9. (C) POLOFF quizzed Brown on the state of the nation's
refineries. Brown said that he has heard reports that the
Warri refinery is having "turn-around maintenance" and should
be operational by the first week of December. He explained
that the Kaduna refinery is not operational only because it
has no crude to refine. He bemoaned the state of the
pipelines due to neglect and vandalism and identified their
dilapidated condition as the source of Kaduna's problems.
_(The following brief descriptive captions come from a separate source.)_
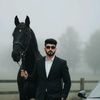 prince121472
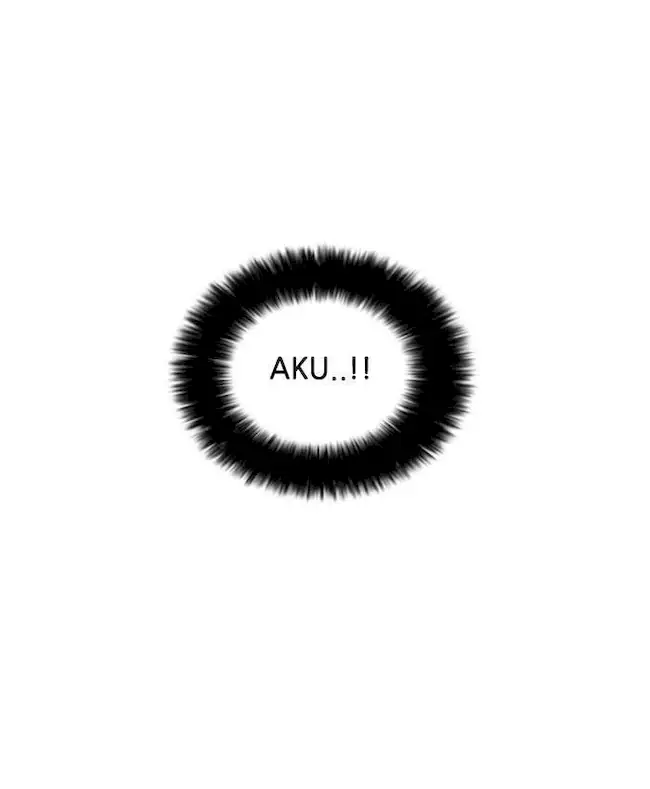 Lookism Chapter 20 Gambar 64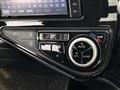 2019 Toyota AQUA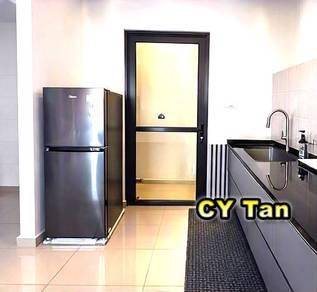 Condominium at Ideal Venice Residency, Gelugor, photo 3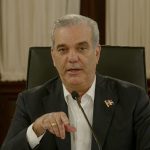 Abinader advierte no permitirá bandas haitianas a menos de 20 kilómetros de la frontera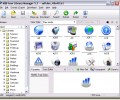 ABBIcon Pro Скриншот 0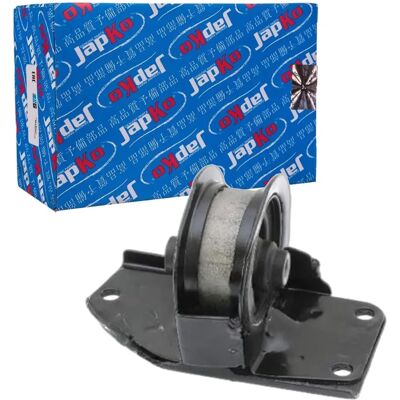 Japko Goj5028 Hintere Motorlager - Motorlager Japko Goj5028 Hintere Motorlager - Motorlager
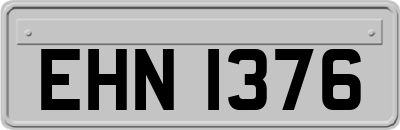 EHN1376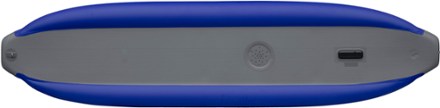 STAR Rival Inflatable Sit-On-Top Kayak 4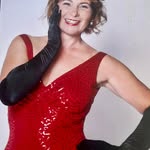 Trish Hart-Sayers - @hartsayers - Instagram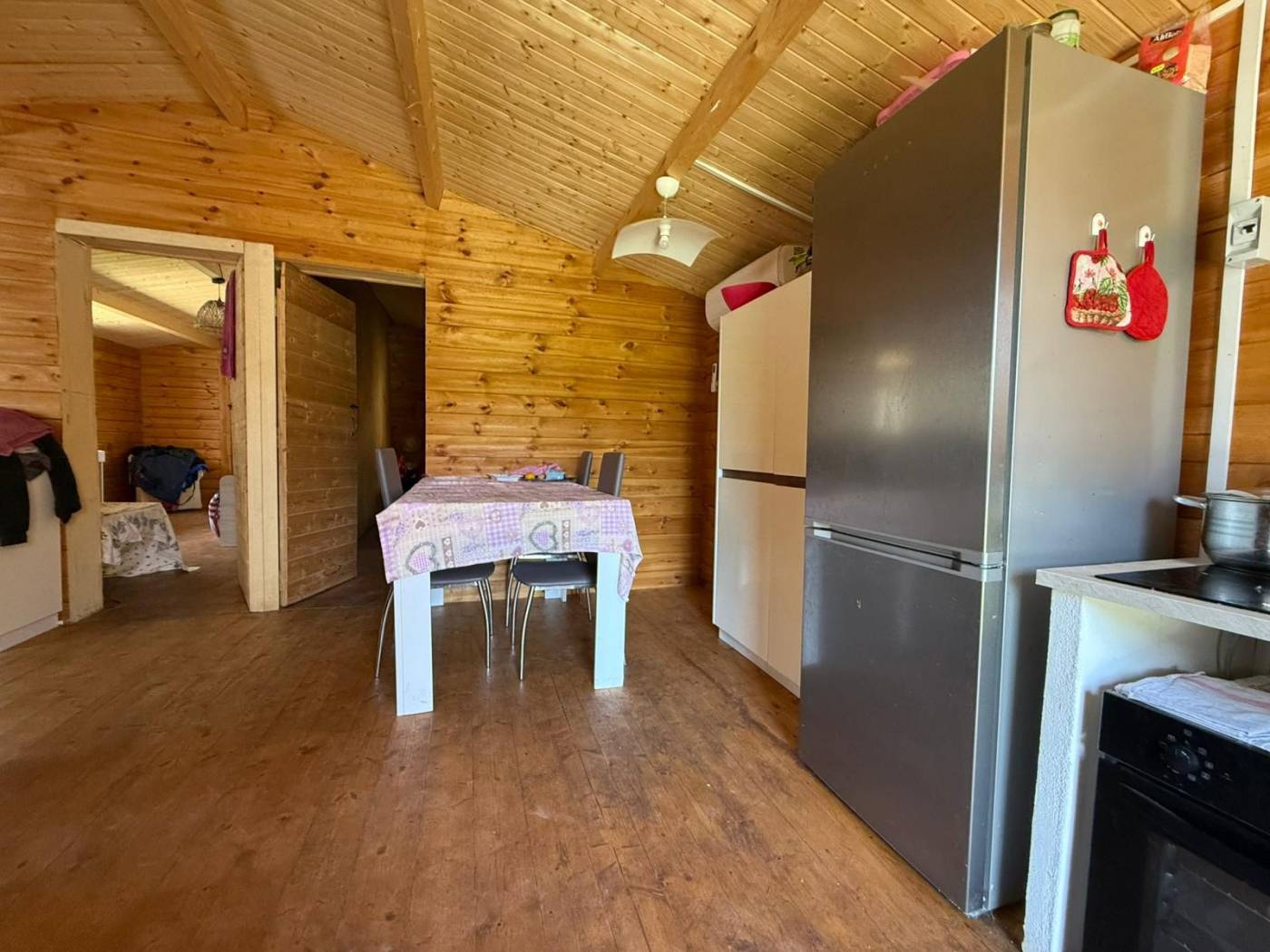 Cucina Cucina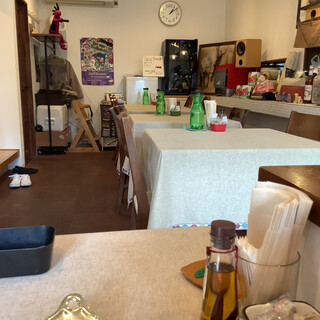 チャビーズキッチン_2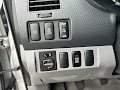 2005 Toyota Tacoma Base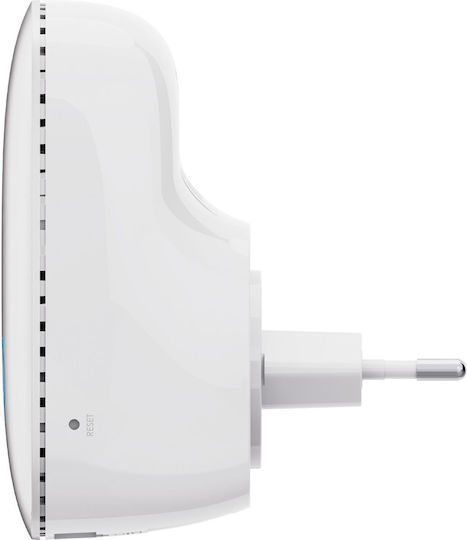 Strong Repeater 1200 WiFi Extender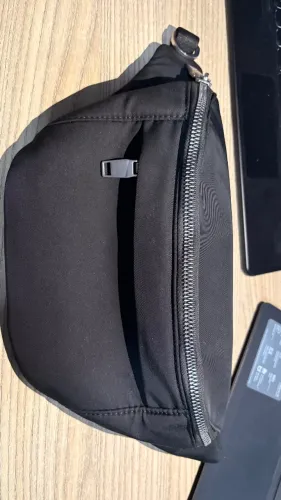 Pochete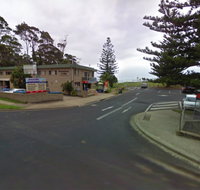 Unit 2 Breakaway Lodge - Lightning Ridge Tourism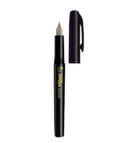 Platinum Preppy Fountain Pen in Black Edition - Limited Special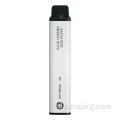 ELUX/ENE Legend Vape 3500 Puffs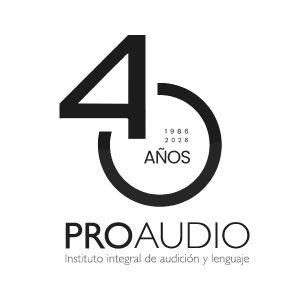 PROAUDIO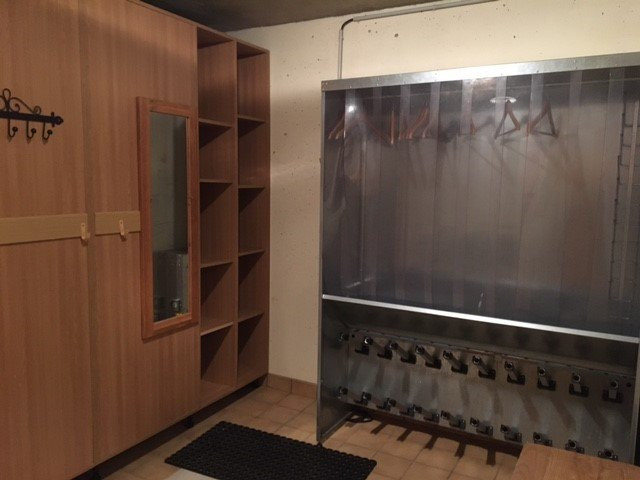 _clients_227445005_photos_176r_4877798 _clients_227445005_photos_176r_4877798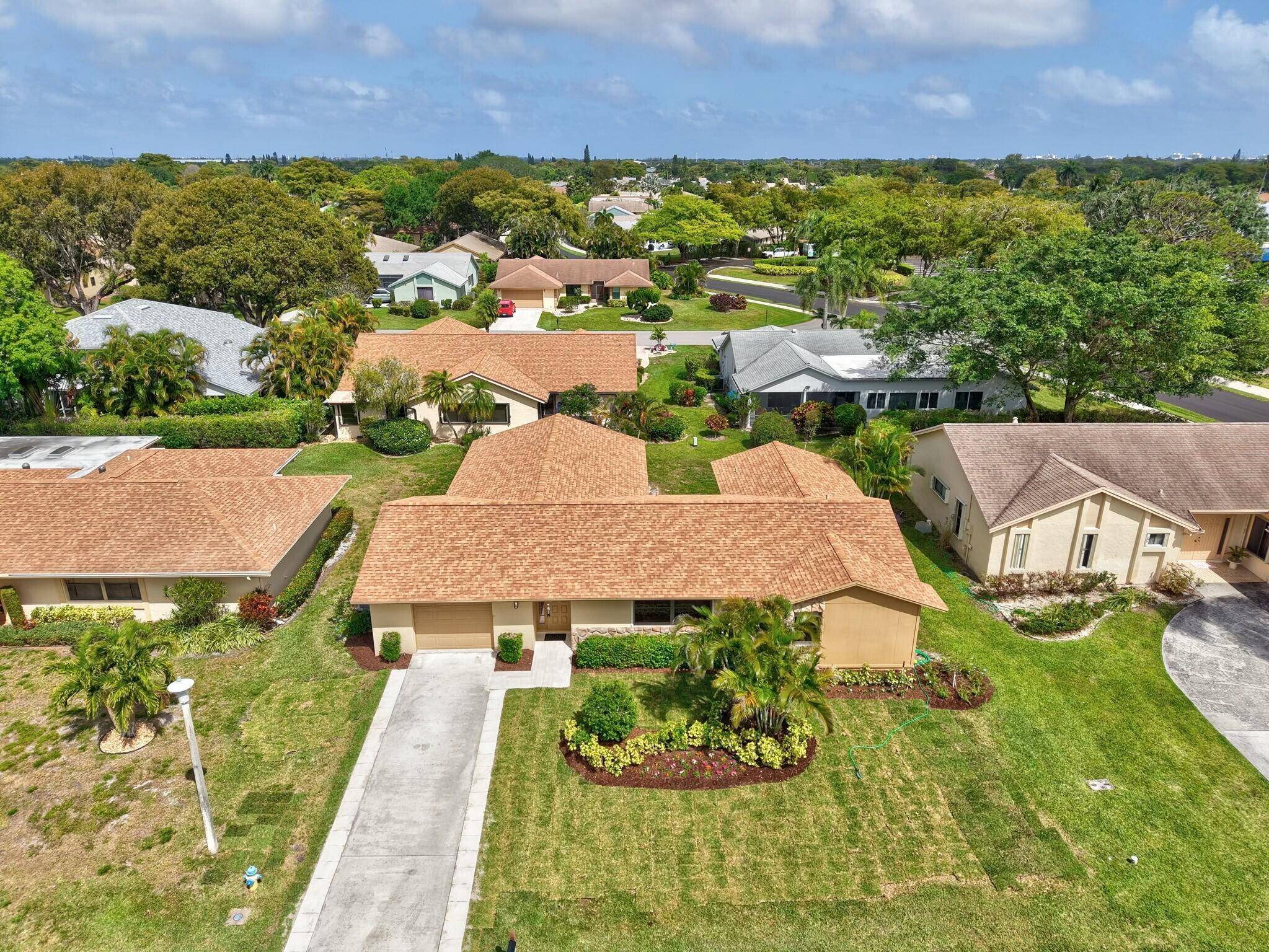 Step into this tastefully updated home where modern living meets timeless charm.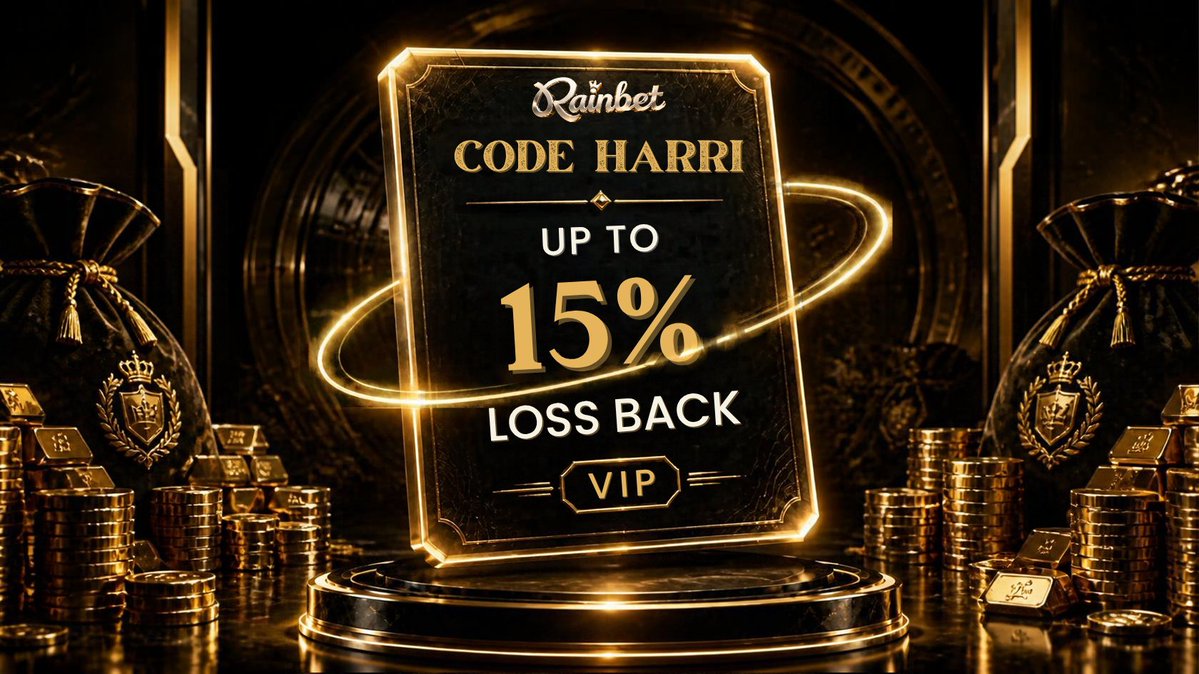 VIPCODEHARRI tweet picture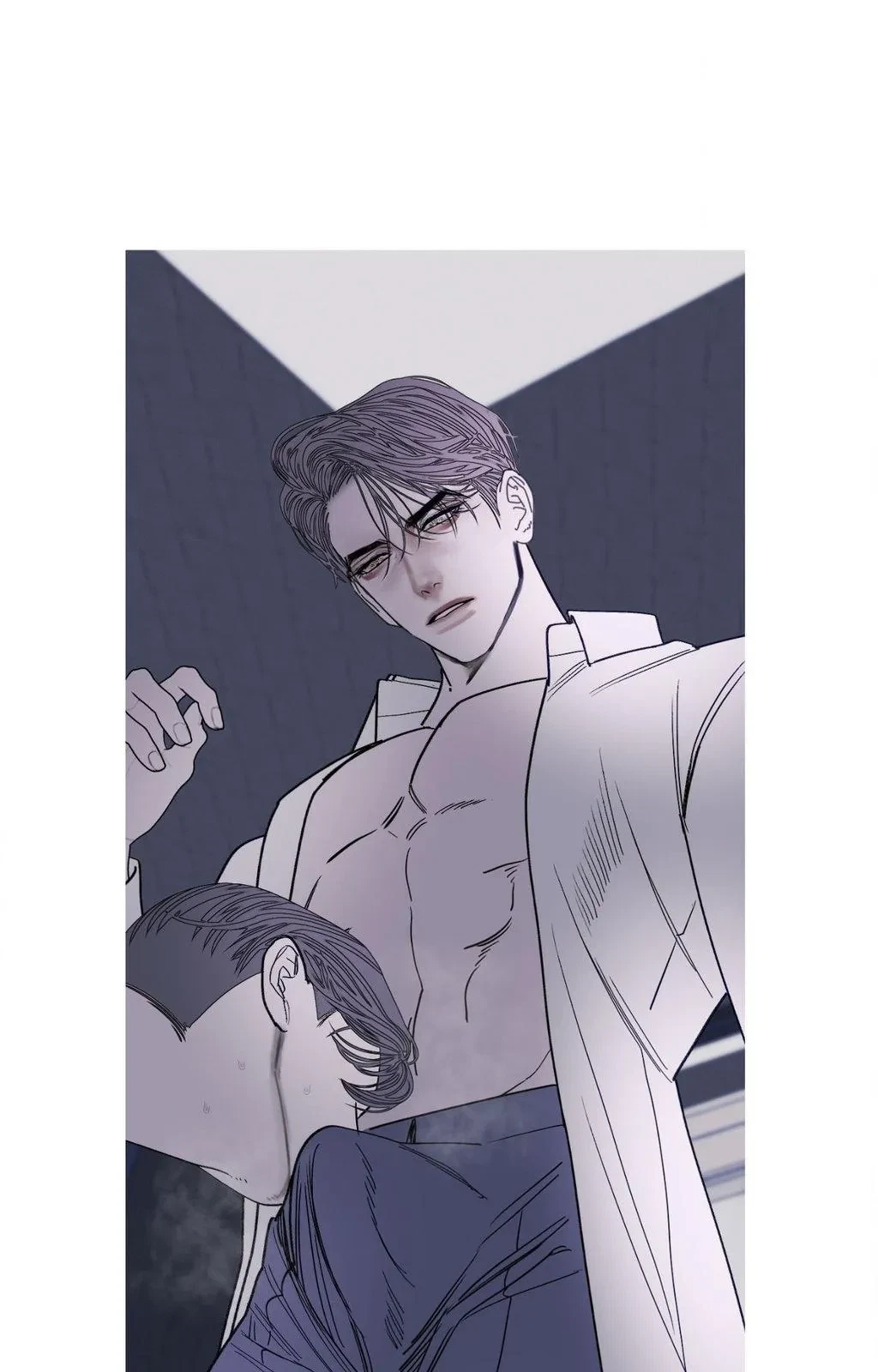 Chapter 76, page 44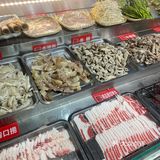 🔥马栏山附近挖到宝藏牛肉火锅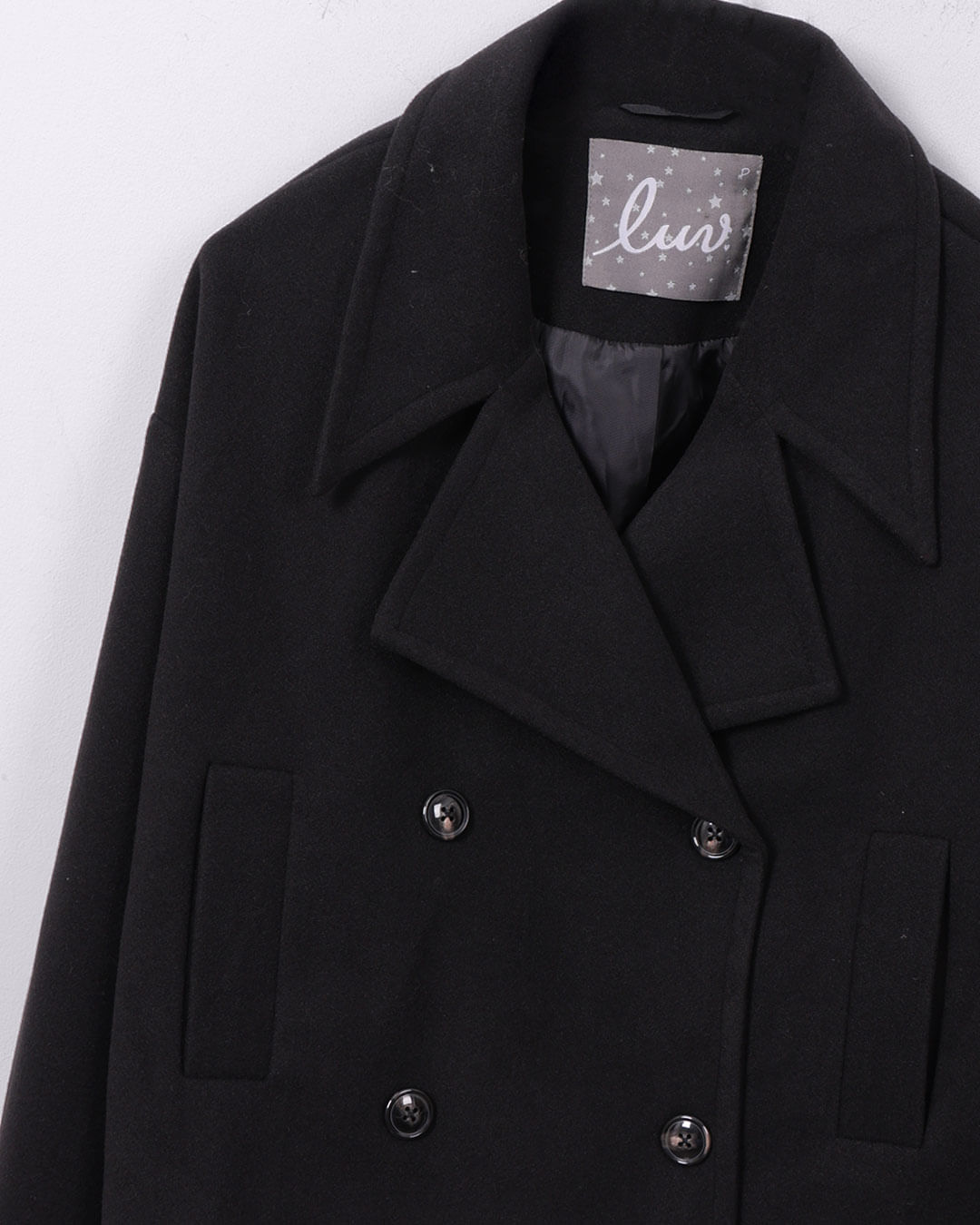 Casaco-93883-7592-899-Trench-Coat-Pgg---Preto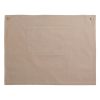 aiw fitzroy half waist khaki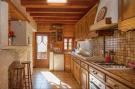 Holiday homeFrance - : Chalet Le Mont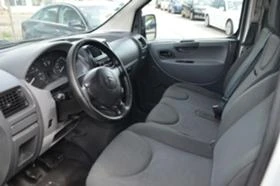 Citroen Jumpy 1.6HDi/Лизинг/Франция, снимка 9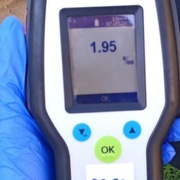 Přiopilý řidič způsobil nehodu, opilý cyklista zase napadl chodce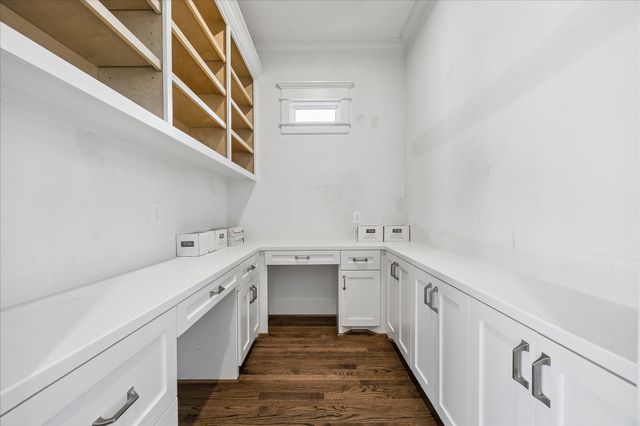 1836 Cortlandt Street, Houston, TX 77008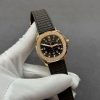 Replica Patek Philippe Aquanaut 5068R 001 Watch For Sale
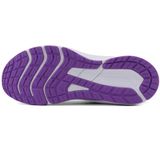 ASICS GT-1000 12 GS Kinderen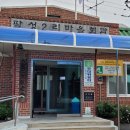 팔성2리 Daum카페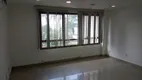 Foto 5 de Sala Comercial para alugar, 35m² em Del Castilho, Rio de Janeiro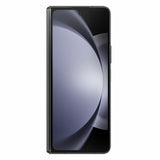 Smartphone Samsung SM-F946BZKNEUB Black 12 GB RAM 1 TB-2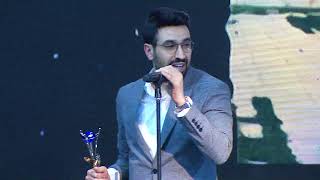 Brango Teksti̇l - Yilin Erkek Gi̇yi̇m Markasi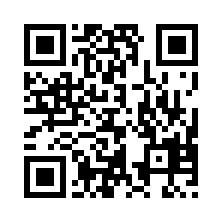 QR Code for 16McdRDCQoXgTiY3WhBmLdenbdVgmYnjyD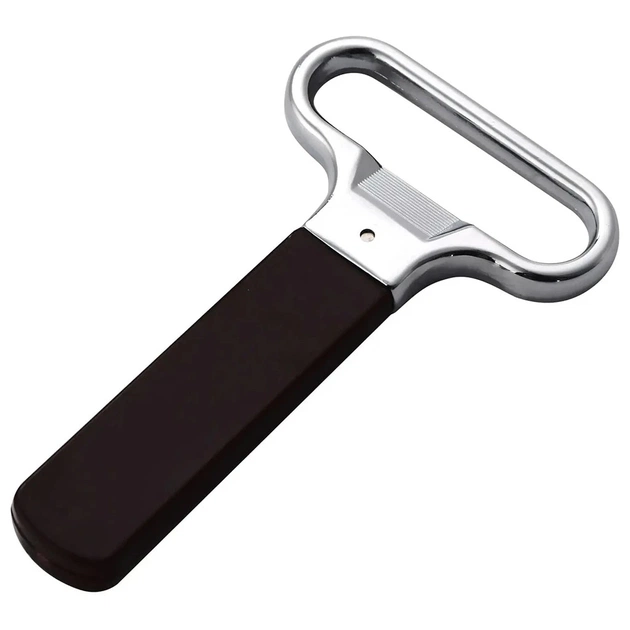Відкривачка для пляшок MasterPro Foodies oenology (BGMP-5113) - picture 1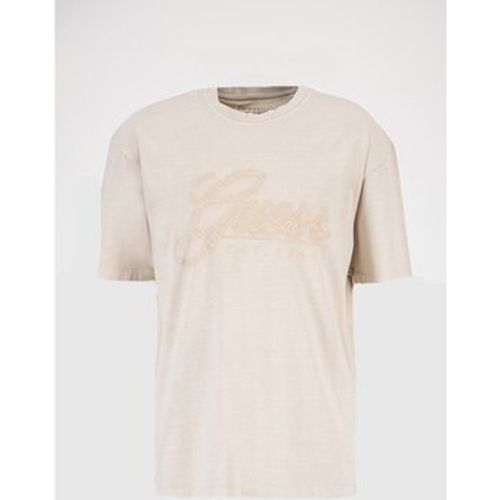 Guess T-Shirt M4YI21 K8FQ4 - Guess - Modalova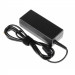 GREEN CELL ZASILACZ AD01P ACER 19V 3,42A 65W - Galeria zdjęcie 3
When asked if privatization would mean downsizing of the
labor force, Brown said this would be a necessary step. His
concern is that the GON will not properly provide for
displaced workers. PENGASSAN will thus demand that workers be
provided with severance pay and guaranteed protection of
their workers' benefits and pensions, "as it is done in
civilized society." Should these considerations be met,
Brown believes downsizing will not be a contentious issue ,
and pointed to the successful mergers of AGIP/Unipetrol and
Chevron/Texaco as models.



10. (C) Brown expressed sober enthusiasm for Kupolokun as the
new head of NNPC and stressed that he is "not a new hand,
but a group executive and engineer in the system who rose
through the ranks." Brown stated that he is ready to work
with Kupolokun. "He should be able to turn us around," he
said, and foresees problems only if Kupolokun "formulates
policy independently and forces it down our throats. But if
he his ready to consult, he can bring us along." In
principle, PENGASSAN supports Kupolokun's policy to break up
the NNPC's Pipelines and Products Marketing Company and sell
parts of it individually. However, Brown reiterated that "we
will not take dictation for one person" and stressed the need
for consultation. Brown demurred when asked if he believes
Kupolokun will change NNPC's reputation of extreme
corruption, saying that PENGASSAN has no position on the
subject since it has no proof and will not make judgments
based on supposition and rumors.



11. (C) COMMENT. The downstream petroleum sector in Nigeria
is undergoing a dramatic transformation with deregulation of
retail marketing, even if privatization of the refineries
exists only in policy and dialogue. Assessing the viability
of the companies that BPE announces as potential core
investors will be the first test of credibility of this
exercise. The next will be how BPE and the Presidency handle
the process. (Note. Both the President's Assistant on
Privatization Matters and the new chief of NNPC have pledged
stakeholder participation in the privatization process and a
greater GON effort at public awareness.) Finding capable
willing investors remains the GON's greatest challenge to
refinery privatization. END COMMENT.